Francesca groaned and dropped onto the bed. “What did you get arrested for?”
“They thought I stole something,” Angelo said.
“But you didn’t?”
Angelo shrugged again, and Francesca fumed. Before she could think of what to say, of how to tell him to be better, to become something, the makeup artist came to her door to tell her it was time to get ready. She needed to be in her dress soon. She needed to play the part of the bride. It was why so many people were here, after all.
“We’ll talk about this later,” Francesca hissed, shooing her brother out.

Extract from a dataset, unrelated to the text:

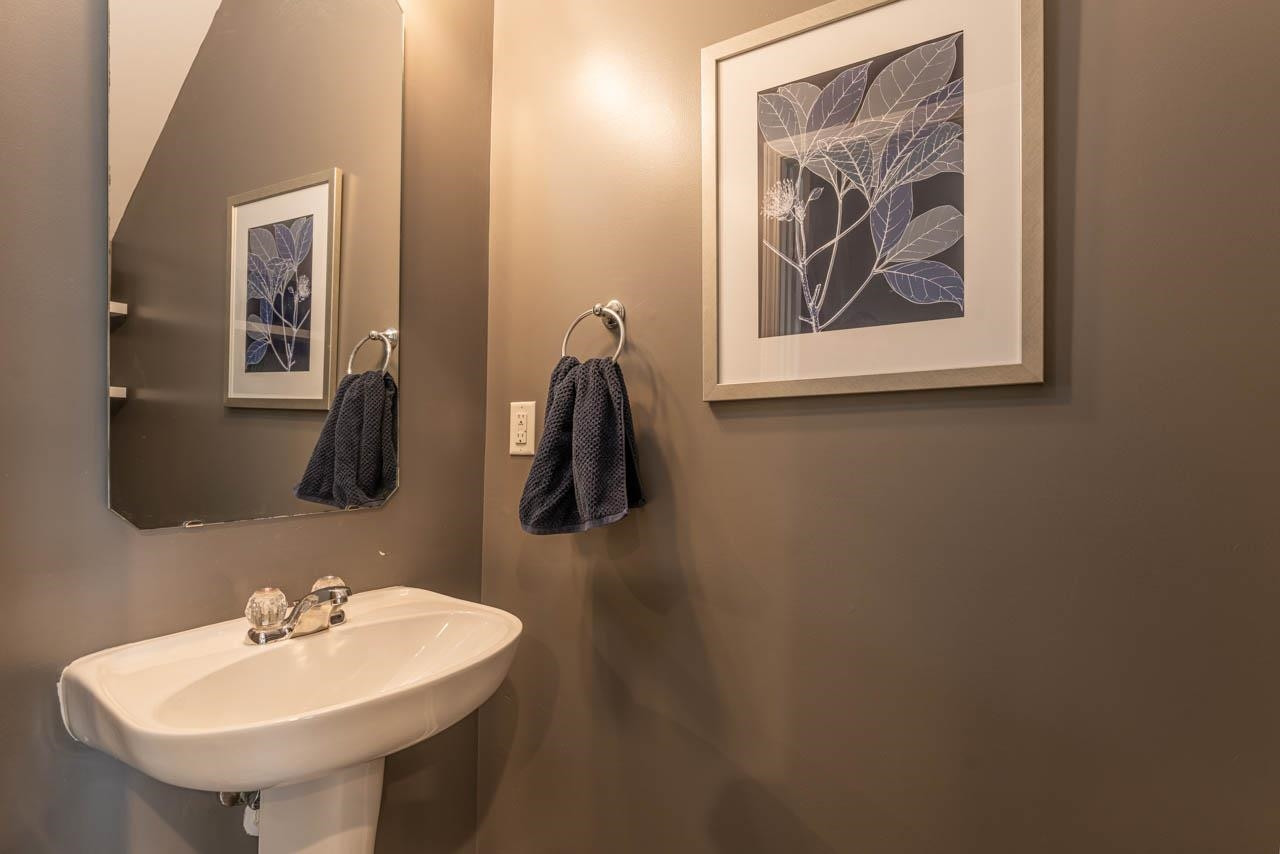 7833 Silverthread Lane Raleigh, NC 27617 - Photo 14 of 32 Powder Room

At two thirty that sunny afternoon, the famous Italian director Enzo Accetta walked his beautiful and only daughter Francesca down the aisle to marry Benjamin Whitmore, the love of her life, the next-generation Whitmore, and the rightful heir to the Whitmore fortune and the luxurious White Oak Lodge. As Francesca read her vows and slid a ring onto Benjamin’s finger, she felt three hundred pairs of eyes on her and the flashes of numerous cameras. In the following weeks, she’d see her photograph in the newspaper, where she’d be called an Italian princess. Not often would she catch herself thinking about her past as a wannabe filmmaker, a past during which she’d never wanted to be called “beautiful” because it bored her. Now, everyone called her a beautiful, blushing bride. She was theenvy of all. It was better than fighting tooth and nail to become something nobody wanted her to be—artistically successful, something a man was meant for.

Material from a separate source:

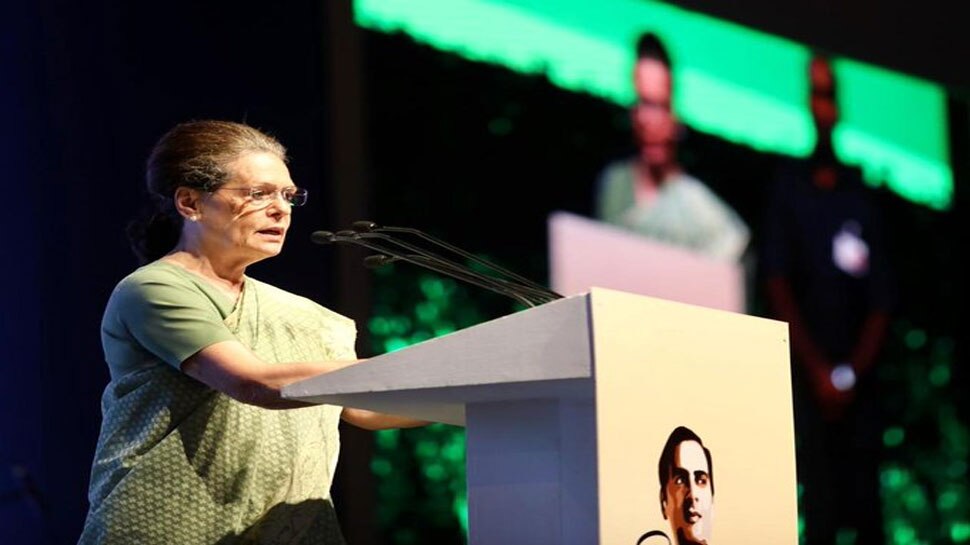 मध्य प्रदेश के कांग्रेस नेताओं को सोनिया गांधी का संदेश- बेवजह बयान देने से बचें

During the reception, Francesca danced with her darling husband, cried with her mother, hugged Rosa and Barbara, and watched as night fell over the island and lit it up again with sparkling stars. The food was sensational: fish and Italian pasta and fresh, decadent bread, and the multitiered cake that everyone agreed was the best they’d ever had. Francesca frequently caught Benjamin laughing with his friends, dancing with his mother, or gazing over at her, waiting for her to join him again after she made her rounds. Each time they returned to each other, they said they loved each other. They repeated it again and again.
Later that night, Francesca and Benjamin stood alone on the beach, watching the moonlight drift through the waves. Behind them, their friends and family continued to celebrate, but Francesca was grateful for a moment of peace with her beloved. Quietly, she told him about Angelo’s arrest and how worried she was about his future. “My father never thought Angelo was good at anything,” she whispered, “and I think he’s trying to prove how ‘not good’ he can be. He’s trying to ruin his own life. I hate it.”

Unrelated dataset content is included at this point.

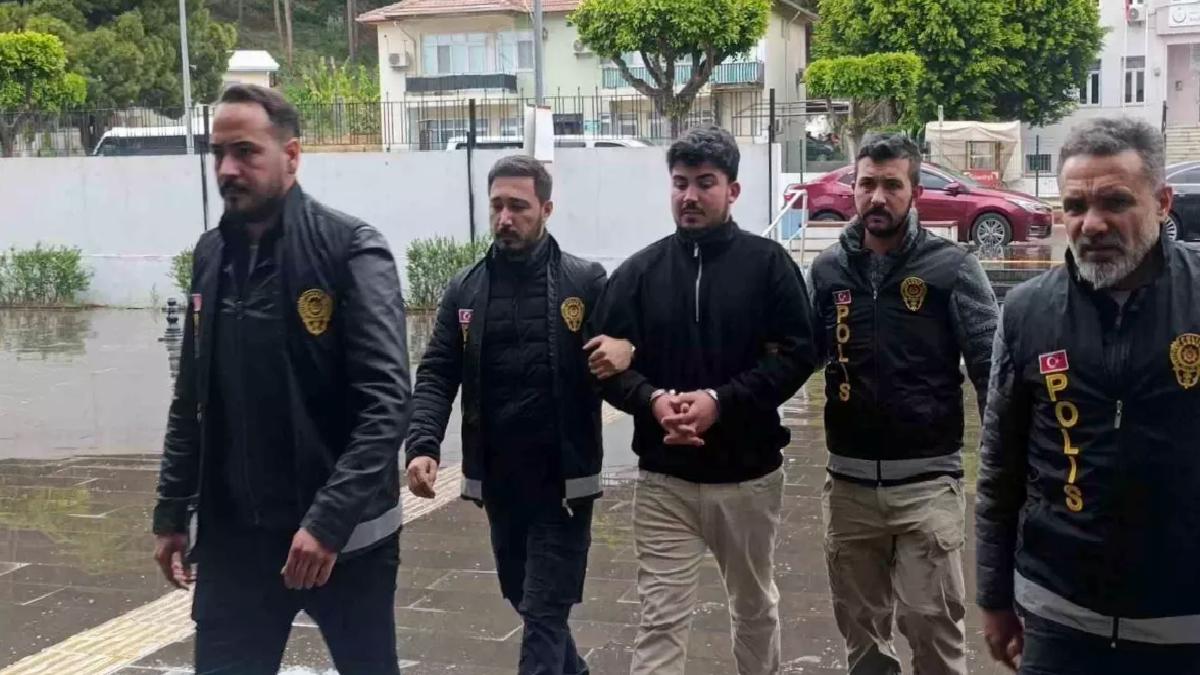 Antalya’da Alkol Tartışması Kanlı Bitti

Benjamin kissed her cheek. “You can’t take care of him forever.”
Francesca felt her eyes flicker back to the party, where she could see Ronald, hunched by a bonfire, his hands in his pockets. Benjamin could read her mind.
“I know,” he said. “I can’t take care of him forever either. But I have to think he’s getting better? A little bit? You’ve been a big part of that, making him feel loved and cared for. Thank you for that.”
But Francesca continued to watch Ronald, captivated. Something about his face was strange and slippery. She couldn’t figure out what he was thinking about. And then, Ronald tipped backward, his shoulders hitting the table directly beside him so that the table flipped and beers, wines, plates of cake, and trash erupted into the air and spilled across the lawn. Shrieks filled the air. Benjamin took Francesca’s hand and led her back to the party, where a group of people had gathered around Ronald to see if he was all right. Embarrassment echoed from his face. Slowly, he got to his feet, mumbled an excuse, and looked at his brother, Benjamin. Benjamin looked aghast, but he drew his arm around Ronald’s shoulder and led Ronald to the house, where, Francesca guessed, he would put Ronald to bed.
It didn’t take long for the party to get going again, mercifully. But Francesca knew that the groom’s brother had made a fool of himself and would be the talk of the island tomorrow. She’d gleaned from her eight months on Nantucket that gossip was its fuel. It wasn’t so different from Tuscany, nor from Rome. But it was a world she didn’t understand, a foreign environment for her, which meant she was the subject of much more gossip than she knew what to do with.
That night, Francesca and Benjamin stayed the night in the White Oak Lodge’s bridal suite, where they helped each other out of their wedding outfits and slipped under the covers. A few revelers remained at the party downstairs, but most everyone had either gone to their rooms at the Lodge or been taken back to their alternate Nantucket hotels. There were more post-wedding festivities in the following few days, more days of socializing ahead. But here and now, it was just Francesca and her husband, alone in the darkness.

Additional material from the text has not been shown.